_WHAT IS BEING ASKED_
When you reach the line that contains "Смотреть Горцы от", begin copying exactly, and continue through the last line of the data; no pictures belong in the copy.

Caption-style text data

____________

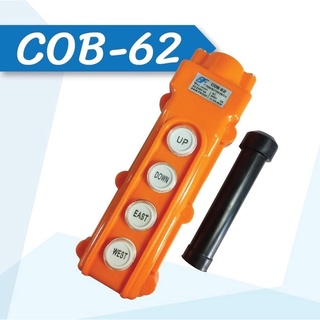 BF สวิทช์เครน สวิทช์รอกไฟฟ้า 4 ปุ่ม ผ่านแมกเนติก 250V 5A รุ่น COB-62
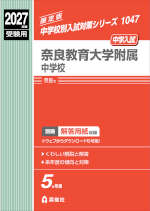 2027年度受験用 中学入試 奈良教育大学附属中学校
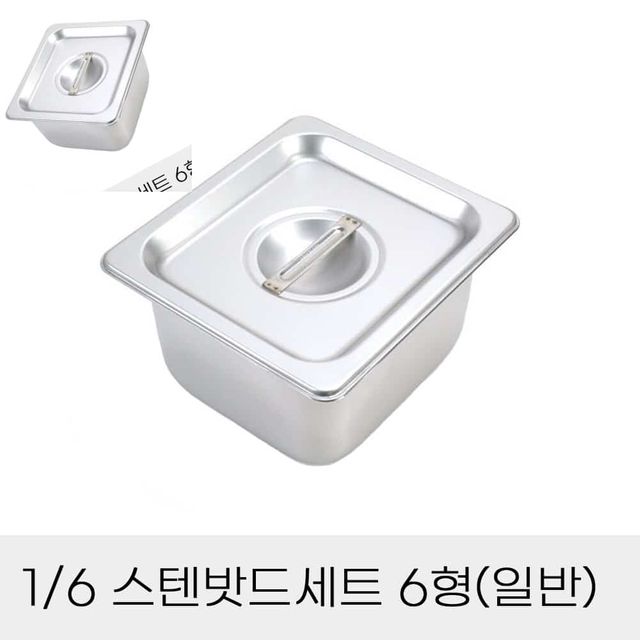 업소용 반찬통 6분의1 스텐밧드세트 6형 뚜껑포함 업소용밧드 사각용기 사각밧드 스텐바트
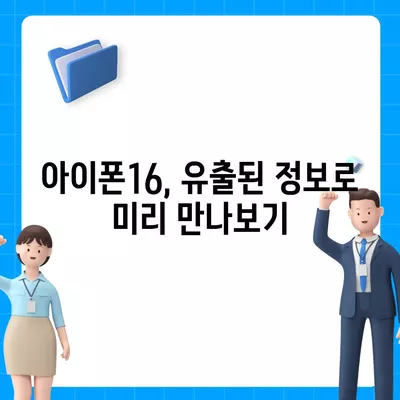 아이폰16 역시 짝수 판매 성공? 유출된 디자인, 색상, 가격, 출시일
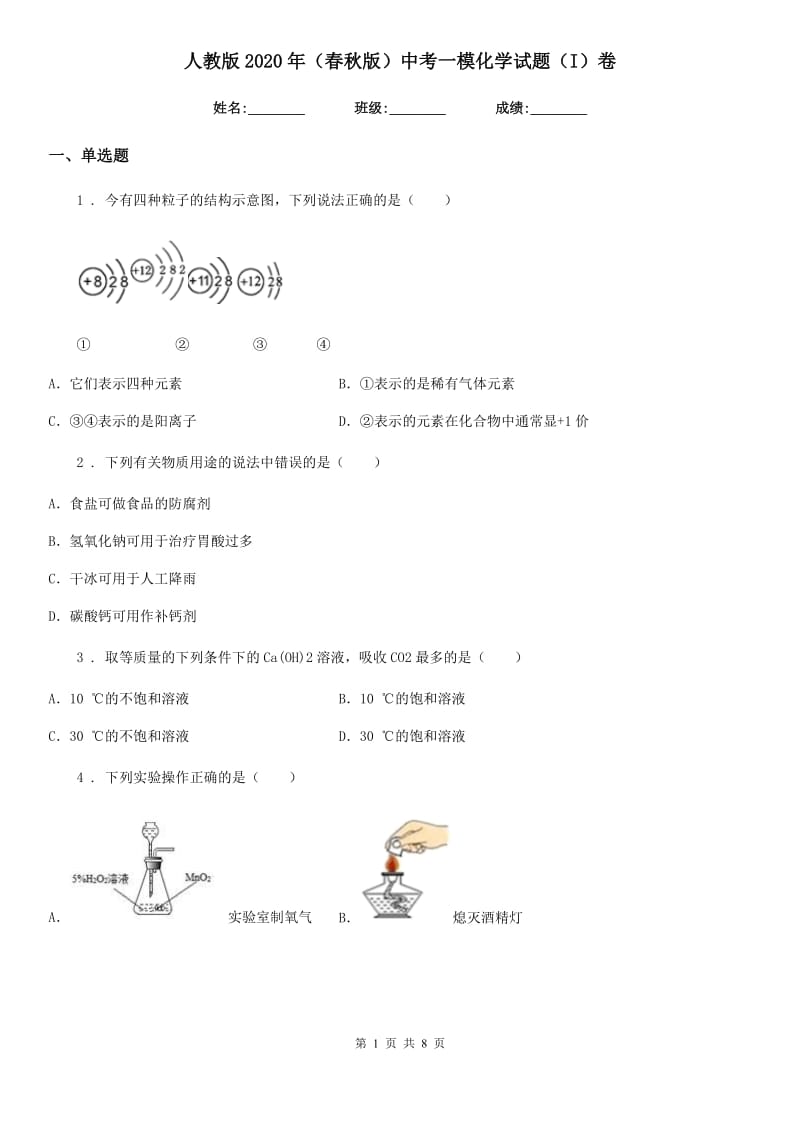 人教版2020年（春秋版）中考一模化学试题（I）卷(模拟)_第1页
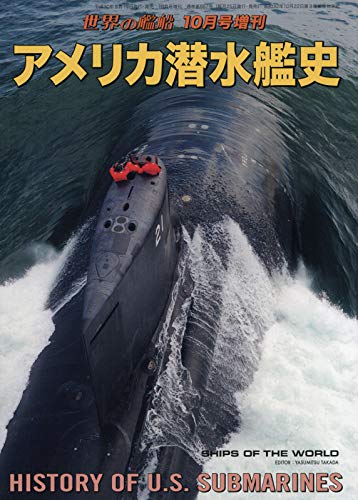 Japanese Magazine United States History Of Submarine In 2018 October Issue Magazine Worldwide Ship Edition Sea Man Club 4910056041086 Amazon Com Books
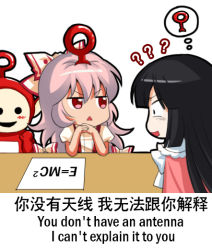 Rule 34 | 2girls, ?, antennae, bilingual, black eyes, black hair, blush, bow, chibi, chinese text, commentary request, constricted pupils, crossover, english text, fujiwara no mokou, hair bow, houraisan kaguya, jokanhiyou, mixed-language text, multiple girls, open mouth, parted lips, po (teletubby), puffy short sleeves, puffy sleeves, red eyes, shirt, short sleeves, simple background, solid circle eyes, suspenders, teletubbies, thought bubble, touhou, translation request, triangle mouth, white background, white bow, white hair, white shirt
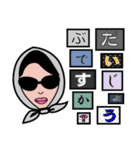 Blackmail style（個別スタンプ：8）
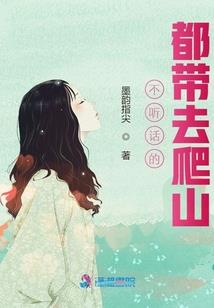 巨星从荒野求生开始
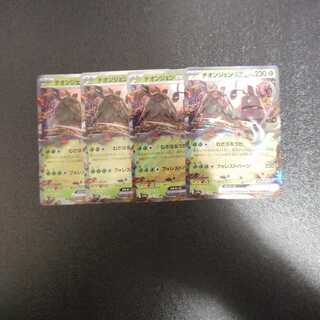 Thiongene ex RR 024/190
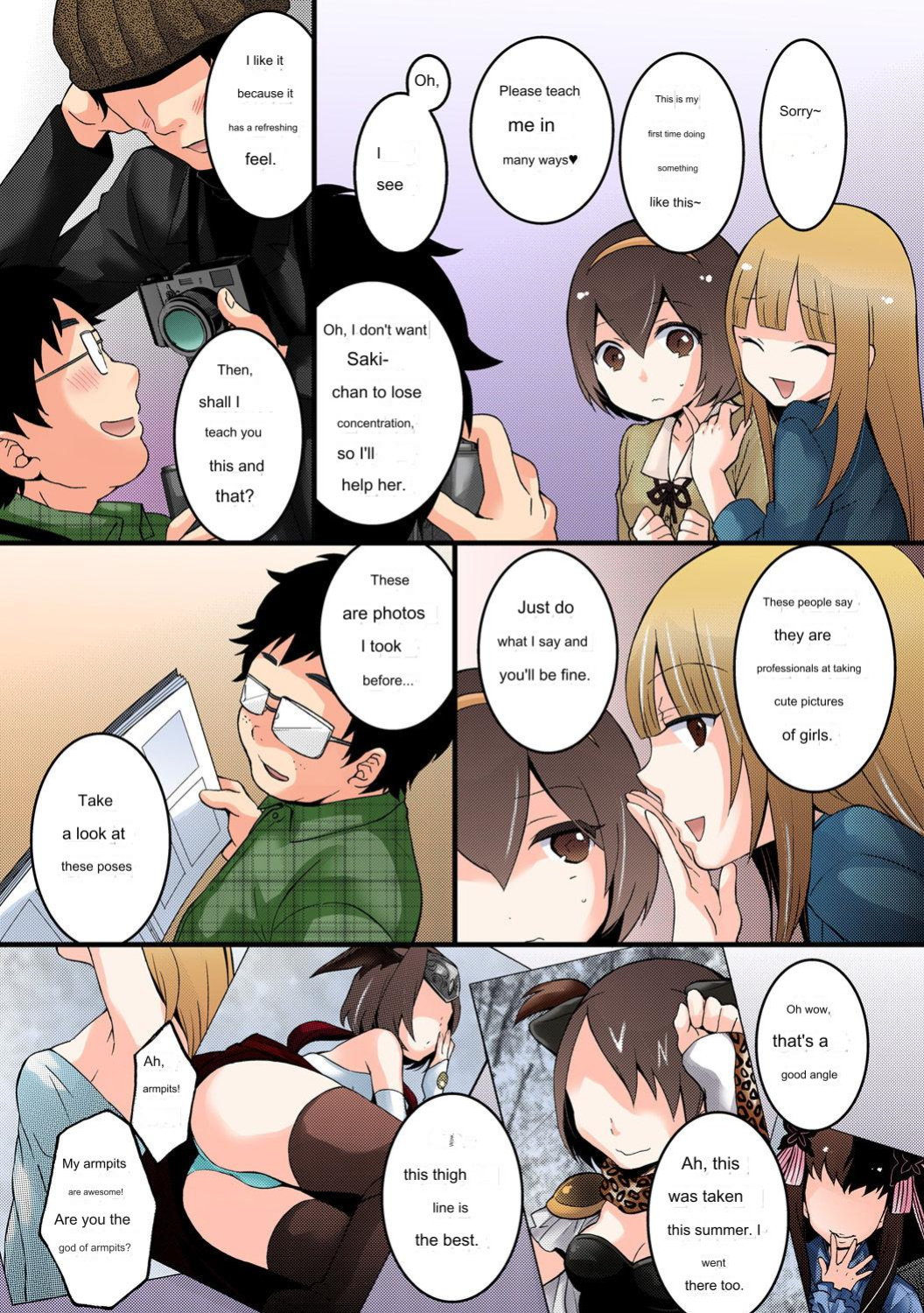 Since I Suddenly Became A Girl, Won't You Fondle My Boobs? VOL 4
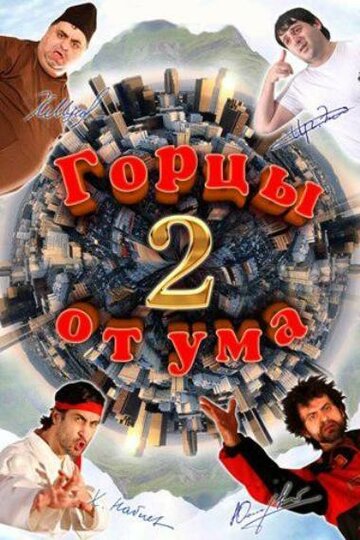 Смотреть Горцы от ума 2 онлайн в HD качестве 720p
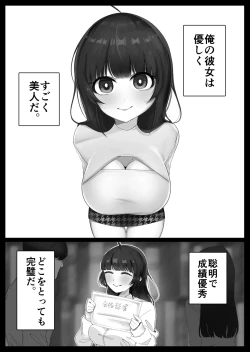 Page 1 of Zettai Shinjiteru kara
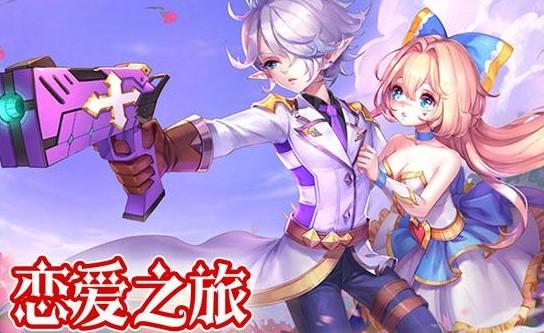 魔王与公主游戏大全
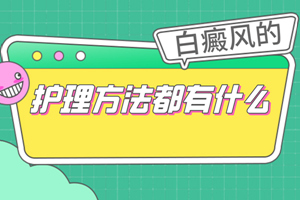 [在線解答]白癜風(fēng)的護(hù)理要怎么做-白癜風(fēng)患者在治療的時(shí)候要怎么照顧好自己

____________

_EXERCISE RESULT_
 Смотреть Горцы от ума 2 онлайн в HD качестве 720p
 Page 1 of Zettai Shinjiteru kara
 魔王与公主游戏大全
 [在線解答]白癜風(fēng)的護(hù)理要怎么做-白癜風(fēng)患者在治療的時(shí)候要怎么照顧好自己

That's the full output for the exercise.